Meskipun demokrasi tidak begitu terpengaruh dengan fenomena golput, namun bagaimanapun golput menjadi parameter seberapa besar partisipasi dalam demokrasi.
Kedua, adanya kompetisi yang sehat. Inilah yang kiranya relevan dengan konteks demokrasi di Indonesia saat ini. Kampanye hitam yang akhir-akhir ini menguat dan dilakukan oleh masing-masing kubu politik menjadi indikator kompetisi demokrasi yang tidak sehat.
Ketiga, adanya sirkulasi kekuasan secara berkala. Di Indonesia, sirkulasi kekuasaan ini terjadi lima tahun sekali, itupun jabatan Presiden dibatasi dua kali periode. Sehingga sirkulasi kekuasaan sangatlah normal.
Keempat, adanya pengawasan kekuasaan yang efektif. Hal ini kiranya juga menjadi problem. Mengingat, ketiga pilar demokrasi, baik eksekutif, legislatif maupun yudikatif akhir-akhir ini terlibat dan penyalahgunaan wewenang dan korupsi. Ditambah pilar keempat demokrasi, yakni pers, akhir-akhir ini juga diintervensi oleh kepentingan politik, sehingga cenderung tidak netral.
Kelima, adanya tata-krama politik atau fatsun politik. Yang terakhir ini kiranya relevan untuk menjadi perhatian kita bersama. Demokrasi tidak boleh dilakukan secara barbarian dan vandal.

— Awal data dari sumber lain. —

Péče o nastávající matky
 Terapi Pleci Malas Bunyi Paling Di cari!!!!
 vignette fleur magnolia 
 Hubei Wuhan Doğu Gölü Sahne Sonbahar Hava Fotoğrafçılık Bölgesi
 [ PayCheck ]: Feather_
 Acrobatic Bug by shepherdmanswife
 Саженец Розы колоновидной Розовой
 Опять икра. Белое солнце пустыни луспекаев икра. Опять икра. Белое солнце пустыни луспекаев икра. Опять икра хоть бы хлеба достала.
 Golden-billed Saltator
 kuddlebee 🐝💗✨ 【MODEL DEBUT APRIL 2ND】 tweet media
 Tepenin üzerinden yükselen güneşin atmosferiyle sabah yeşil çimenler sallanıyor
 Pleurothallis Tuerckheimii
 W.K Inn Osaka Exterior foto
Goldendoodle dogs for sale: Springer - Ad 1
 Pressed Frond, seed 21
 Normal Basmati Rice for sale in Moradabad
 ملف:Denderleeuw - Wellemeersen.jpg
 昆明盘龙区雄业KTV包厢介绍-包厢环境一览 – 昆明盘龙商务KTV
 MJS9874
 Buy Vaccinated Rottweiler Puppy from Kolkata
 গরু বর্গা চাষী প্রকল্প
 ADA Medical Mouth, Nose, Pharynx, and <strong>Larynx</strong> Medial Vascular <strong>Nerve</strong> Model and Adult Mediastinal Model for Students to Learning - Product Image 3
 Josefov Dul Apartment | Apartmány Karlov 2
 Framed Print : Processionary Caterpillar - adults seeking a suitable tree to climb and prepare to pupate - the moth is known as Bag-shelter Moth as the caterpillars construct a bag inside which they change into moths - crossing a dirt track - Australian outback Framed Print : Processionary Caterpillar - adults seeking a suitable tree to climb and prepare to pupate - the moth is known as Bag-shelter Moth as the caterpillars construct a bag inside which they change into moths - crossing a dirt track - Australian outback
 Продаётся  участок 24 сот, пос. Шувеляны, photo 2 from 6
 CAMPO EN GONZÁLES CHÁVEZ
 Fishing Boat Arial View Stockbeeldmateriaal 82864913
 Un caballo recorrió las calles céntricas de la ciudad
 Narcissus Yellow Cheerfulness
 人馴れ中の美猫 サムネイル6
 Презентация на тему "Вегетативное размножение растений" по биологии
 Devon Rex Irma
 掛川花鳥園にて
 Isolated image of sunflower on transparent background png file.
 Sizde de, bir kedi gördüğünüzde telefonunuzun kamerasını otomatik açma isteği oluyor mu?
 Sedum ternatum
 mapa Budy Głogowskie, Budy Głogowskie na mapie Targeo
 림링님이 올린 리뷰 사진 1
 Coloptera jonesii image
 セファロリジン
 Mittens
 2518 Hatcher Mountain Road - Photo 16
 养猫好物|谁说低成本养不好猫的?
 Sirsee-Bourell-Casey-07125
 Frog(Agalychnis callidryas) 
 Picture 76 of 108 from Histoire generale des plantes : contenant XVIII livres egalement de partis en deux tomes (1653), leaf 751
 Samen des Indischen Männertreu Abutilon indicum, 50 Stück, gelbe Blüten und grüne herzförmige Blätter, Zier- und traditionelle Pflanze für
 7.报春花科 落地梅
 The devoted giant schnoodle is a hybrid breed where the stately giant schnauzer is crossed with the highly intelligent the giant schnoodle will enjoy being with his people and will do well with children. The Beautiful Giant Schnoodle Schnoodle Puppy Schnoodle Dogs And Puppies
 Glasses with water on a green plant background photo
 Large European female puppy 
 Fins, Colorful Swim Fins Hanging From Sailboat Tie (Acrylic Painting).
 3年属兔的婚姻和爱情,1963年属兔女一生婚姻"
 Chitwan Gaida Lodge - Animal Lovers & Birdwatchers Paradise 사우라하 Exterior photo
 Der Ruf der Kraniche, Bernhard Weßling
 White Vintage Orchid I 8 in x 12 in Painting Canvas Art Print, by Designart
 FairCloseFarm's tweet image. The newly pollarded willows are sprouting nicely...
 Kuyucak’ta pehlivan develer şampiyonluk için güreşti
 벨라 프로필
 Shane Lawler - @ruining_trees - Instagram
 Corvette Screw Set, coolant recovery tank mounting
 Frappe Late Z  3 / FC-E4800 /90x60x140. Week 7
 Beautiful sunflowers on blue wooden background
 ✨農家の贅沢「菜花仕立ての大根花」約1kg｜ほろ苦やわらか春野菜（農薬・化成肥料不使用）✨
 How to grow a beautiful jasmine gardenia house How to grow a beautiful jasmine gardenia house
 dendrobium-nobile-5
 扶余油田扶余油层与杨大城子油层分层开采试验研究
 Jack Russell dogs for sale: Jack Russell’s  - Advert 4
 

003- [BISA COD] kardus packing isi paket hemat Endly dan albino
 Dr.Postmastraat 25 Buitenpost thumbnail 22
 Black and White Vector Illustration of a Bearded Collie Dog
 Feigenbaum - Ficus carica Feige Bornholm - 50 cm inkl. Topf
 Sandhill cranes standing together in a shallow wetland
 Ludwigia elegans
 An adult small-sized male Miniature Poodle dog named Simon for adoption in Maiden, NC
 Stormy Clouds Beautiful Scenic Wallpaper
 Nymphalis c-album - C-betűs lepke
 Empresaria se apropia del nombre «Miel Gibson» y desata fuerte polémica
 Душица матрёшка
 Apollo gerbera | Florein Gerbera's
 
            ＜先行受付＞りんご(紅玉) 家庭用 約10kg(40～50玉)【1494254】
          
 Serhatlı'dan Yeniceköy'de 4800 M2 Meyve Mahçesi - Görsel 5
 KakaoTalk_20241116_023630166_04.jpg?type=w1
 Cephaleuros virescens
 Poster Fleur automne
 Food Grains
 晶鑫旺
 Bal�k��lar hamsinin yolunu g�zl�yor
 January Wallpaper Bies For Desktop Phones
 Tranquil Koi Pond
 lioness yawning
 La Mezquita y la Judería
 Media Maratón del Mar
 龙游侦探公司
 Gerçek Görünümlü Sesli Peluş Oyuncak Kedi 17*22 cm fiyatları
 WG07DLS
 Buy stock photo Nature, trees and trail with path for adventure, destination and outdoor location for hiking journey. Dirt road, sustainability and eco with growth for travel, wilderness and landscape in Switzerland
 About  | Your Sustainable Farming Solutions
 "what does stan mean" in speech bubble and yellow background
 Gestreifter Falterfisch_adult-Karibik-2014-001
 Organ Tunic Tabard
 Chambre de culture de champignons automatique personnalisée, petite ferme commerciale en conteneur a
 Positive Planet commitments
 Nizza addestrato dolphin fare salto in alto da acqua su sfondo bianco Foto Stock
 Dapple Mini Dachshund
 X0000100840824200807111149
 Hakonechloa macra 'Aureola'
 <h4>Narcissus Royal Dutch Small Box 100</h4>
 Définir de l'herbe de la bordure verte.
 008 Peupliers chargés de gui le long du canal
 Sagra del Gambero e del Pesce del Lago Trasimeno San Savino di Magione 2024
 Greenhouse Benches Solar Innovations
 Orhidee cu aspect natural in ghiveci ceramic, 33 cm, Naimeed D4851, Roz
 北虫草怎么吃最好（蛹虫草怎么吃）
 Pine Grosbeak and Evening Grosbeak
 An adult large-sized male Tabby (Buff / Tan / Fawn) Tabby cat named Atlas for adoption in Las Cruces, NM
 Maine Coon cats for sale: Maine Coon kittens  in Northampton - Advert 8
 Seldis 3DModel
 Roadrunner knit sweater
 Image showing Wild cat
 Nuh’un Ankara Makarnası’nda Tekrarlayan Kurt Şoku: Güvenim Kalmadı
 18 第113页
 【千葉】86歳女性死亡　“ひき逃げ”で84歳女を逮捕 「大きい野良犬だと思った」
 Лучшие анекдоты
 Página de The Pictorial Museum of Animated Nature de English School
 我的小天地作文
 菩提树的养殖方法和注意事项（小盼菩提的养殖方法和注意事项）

Demokrasi harus memenuhi sistem tata-krama dan fatsun politik. Sehingga produk yang dihasilkan oleh sebuah sistem demokrasi itu membumi, relevan dengan tata nilai bangsa yang ada. Proses berpolitik yang meninggalkan fatsun politik, kiranya merupakan manifestasi vandalisme yang hanya akan menggerogoti nilai demokrasi kita.
Kita berharap, semoga fenomena kampanye hitam dan saling hujat antar kepentingan politik yang belakangan ini marak, hanya merupakan luapan "nafsu' politik sesaat. Demokrasi bukanlah tujuan, ia sekedar cara untuk mencapai tujuan bernegara. Mari berdemokrasi secara santun!